I know the question is similar but I have asked a new bit at the end, about if the wavefunction is real and doesnt collapse is a field quanta extended accross all of space, an answer to this, as with my original question would be greatly appreciated – lee hudson Jan 12 '13 at 14:19
Links to the earlier questions: Confusion on quantum field theory and Field quanta- infinite in extent?. I still think you shouldn't ask pretty much the same question 3 times in one hour. – Wouter Jan 12 '13 at 14:20
im sorry wont happen again. I have altered it slightly – lee hudson Jan 12 '13 at 14:27

The answer is simple: quantum field theory is not divorced from quantum mechanics. Any mathematical solutions pertaining to wave functions are probability wave descriptions.

See this simplified description:

it is possible to approach their quantum counterparts from a purely mathematical view using similar techniques as before.

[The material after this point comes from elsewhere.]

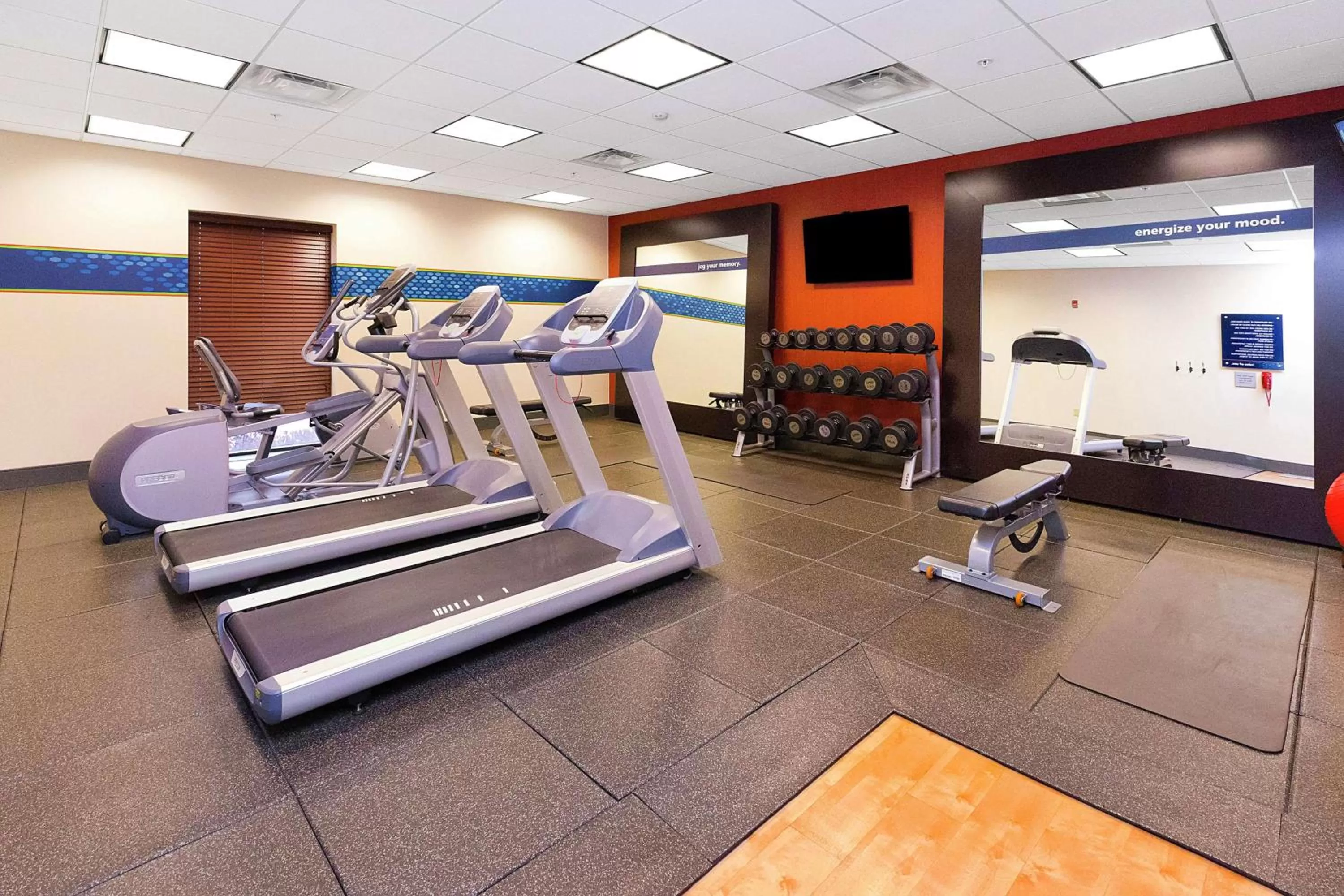 Fitness centre/facilities in Hampton Inn Waynesburg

The equations governing the quantum fields are in fact PDEs (more precisely, relativistic wave equations (RWE)s). Thus one can speak of Yang-Mills, Dirac, Klein-Gordon and Schroedinger fields as being solutions to their respective equations. A possible problem is that these RWEs can deal with complicated mathematical objects with exotic algebraic properties (e.g. spinors are not tensors, so may need calculus over spinor fields), but these in theory can still be subjected to analytical methods given appropriate mathematical generalization.

PDE=Partial Differential Equation.

QFT uses equations for defining the wave functions that are relativistically correct.

There is no way out of it. There are no "matter waves" and whoever says so is wrong.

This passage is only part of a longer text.